Most proteins fold into unique three dimensional structures. The shape into which a protein naturally folds is known as its native state. There are four main protein structures known as primary, secondary, tertiary, and quaternary structures. In addition to the biochemical role of these main structures, proteins may shift between several related structures in performing their biological function. In the context of these functional rearrangements, these tertiary or quaternary structures are usually referred to as “conformations,” and transitions between them are called conformational changes. For example, the binding of a substrate molecule to an enzyme results in such conformational changes in physical regions of the protein that participate in chemical catalysis. Discovering the tertiary and quaternary structure of protein complexes, can provide important clues about how the protein performs its function.
The main experimental methods of structure determination are X-ray crystallography and NMR spectroscopy, both of which can produce information at atomic resolution.

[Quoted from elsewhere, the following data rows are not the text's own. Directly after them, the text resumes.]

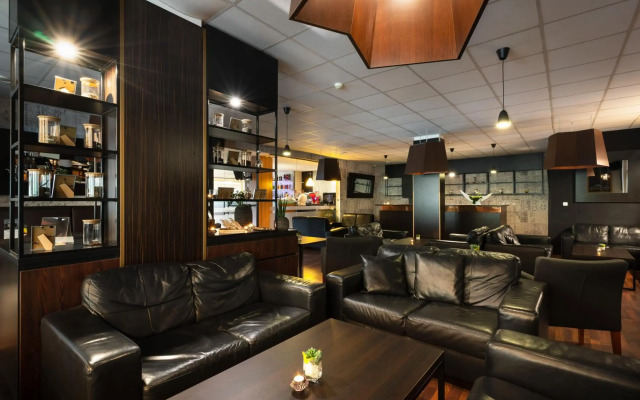 Atrium Hotel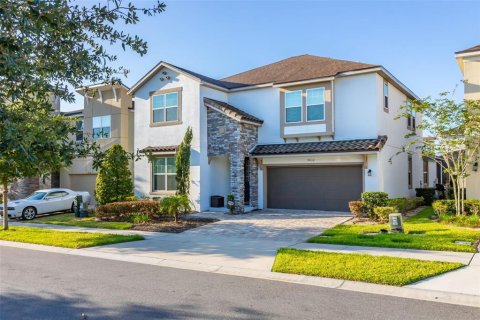 House in SOLARA RESORT in Kissimmee, Florida 6 bedrooms, 352.01 sq.m. № 1919733 - photo 2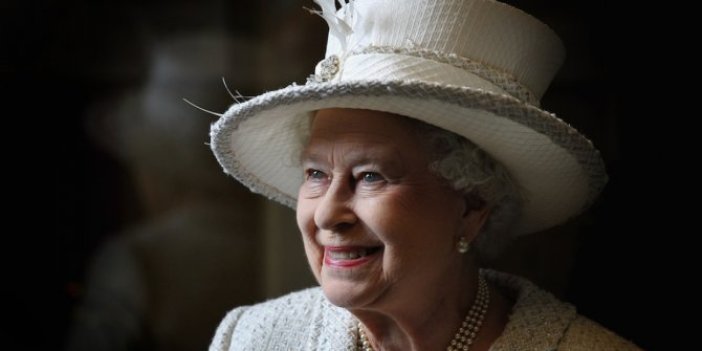 Kraliçe Elizabeth, AB'den ayrılışı onayladı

At lower resolution, the cryo-electron microscopy is used to determine secondary structures of very large protein complexes such as virus coat proteins and amyloid fibers. A variant known as electron crystallography is also used in high-resolution studies in some cases, especially for two-dimensional crystals of membrane proteins. Solved structures are usually stored in the Protein Data Bank (PDB), a freely available resource from which structural data about thousands of proteins can be obtained in the form of Cartesian coordinates for each atom in the protein.
There are many more known gene sequences than there are solved protein structures. Further, the set of solved structures is biased toward those proteins that can be easily subjected to the experimental conditions required by one of the major structure determination methods. In particular, globular proteins are comparatively easy to crystallize in preparation for X-ray crystallography, which remains the oldest and most common structure determination technique. Membrane proteins, by contrast, are difficult to crystallize and are underrepresented in the PDB. Structural genomics initiatives have attempted to remedy these deficiencies by systematically solving representative structures of major fold classes. Protein structure prediction methods attempt to provide a means of generating a plausible structure for a protein whose structures have not been experimentally determined.